Sixty people have hospitalized for treatment and 23 of them are in intensive care.


No one else has died from the virus, meaning the total remains at 213 since the start of the pandemic.

This comes the same day the province confirmed COVID-19 exposures in the school system will be documented online. Fraser Health launched its site already.

There aren’t new outbreaks in the community or in long-term care facilities. Eleven long-term care or assisted-living facilities still have outbreaks, as do and three acute-care facilities.

However, an outbreak at Delta Hosptial was declared Wednesday.

Exposure events are updated by the BC Centre for Disease Control.

Of the 7,498 confirmed cases of the virus, 5,646 patients have recovered, bringing the recovery rate up slightly from earlier in the week to 75.3 per cent.

Vancouver Coastal Health has seen 2,660 cases of COVID-19, while there has been 3,835 in the Fraser Health region, 195 in Island, 485 in Interior, 237 Northern, and 85 cases of people who reside outside of Canada.

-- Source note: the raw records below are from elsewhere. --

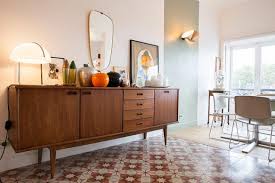 Elles vont en effet inviter 5 hommes, qui pourraient potentiellement leur plaire, à emménager chez elles pendant une semaine, afin de les. Un Appartement A Sete A L Esprit Seventies Par Emilie Chicheportiche Turbulences Deco Appartement Cabinet Architecte Architecte Interieur
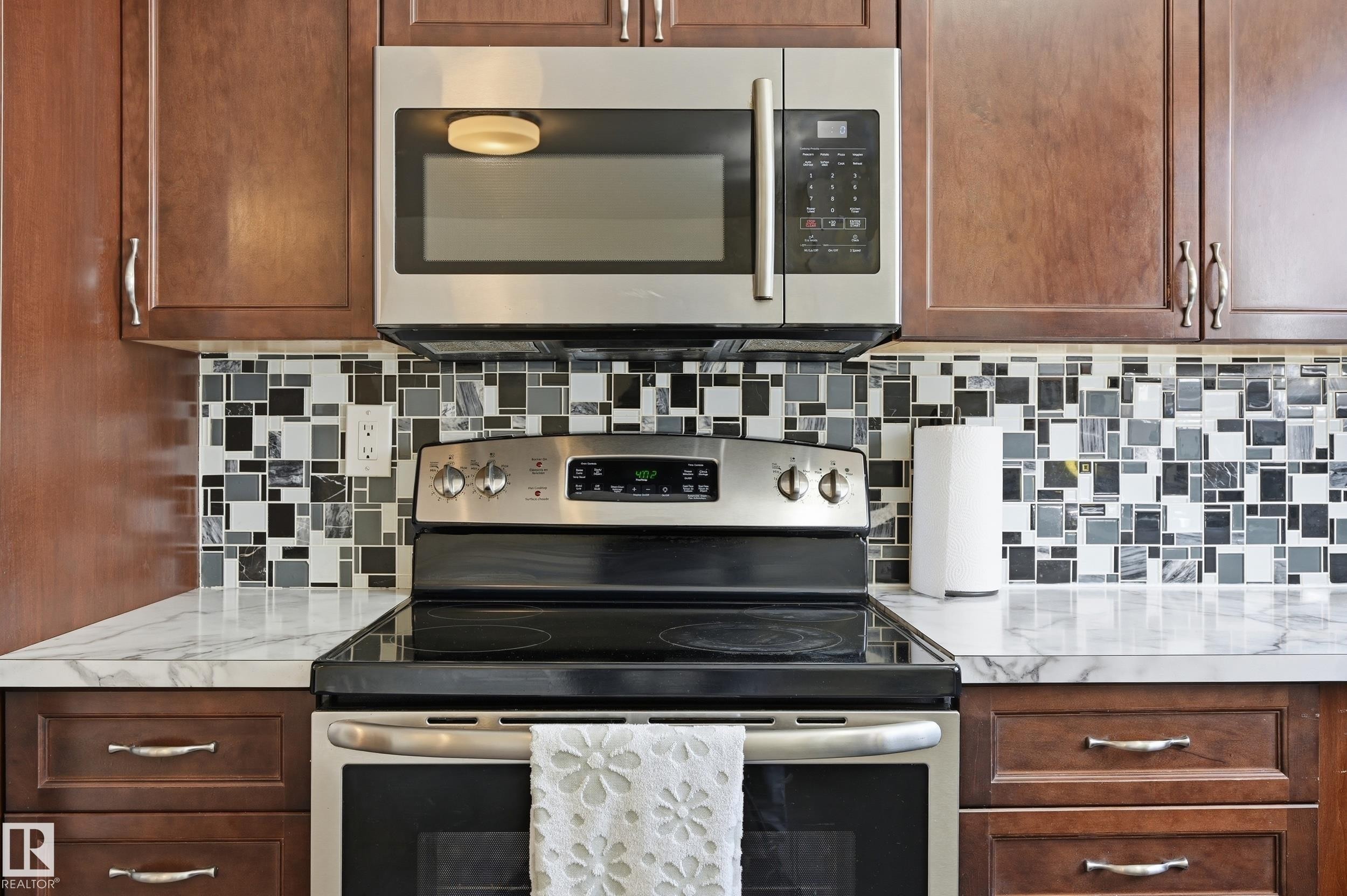 18424 96A Avenue, Edmonton, AB - Indoor Photo Showing Kitchen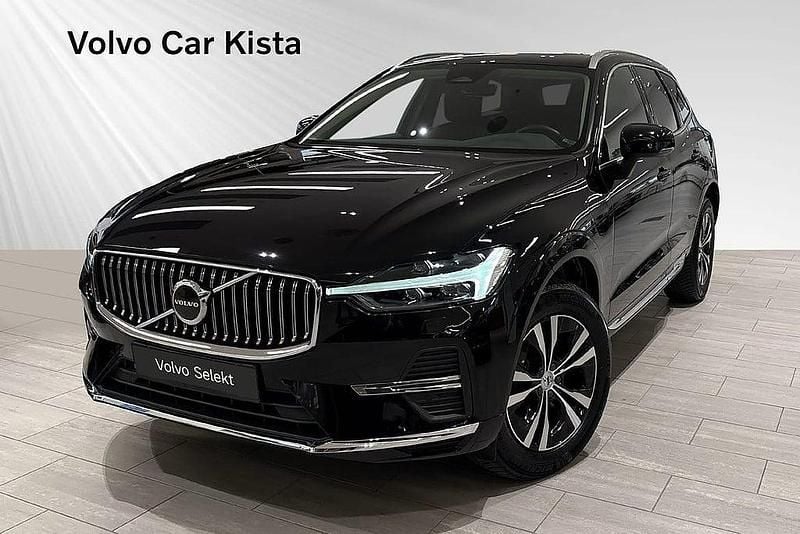 Svart Begagnad 2022 Volvo XC60 Core SUV | 449 900 kr (Bra pris) - Bild 1/3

A joint statement from Health Minister Adrian Dix and Provincial Health Officer Dr. Bonnie Henry said the province will continue to adjust its approach to the virus as it better understands where risks exist, but the pandemic of overdoses is equally concerning.

Henry issued a new public health order earlier in the day allowing doctors, as well as registered nurses and registered psychiatric nurse practitioners to prescribe safe alternatives to toxic street drugs and prevent overdose deaths as the province continues to grapple with the overdose crisis.

“This new order is about connecting more people to treatment and doing all we can to save lives by supporting people who use drugs to do so safely,” they said.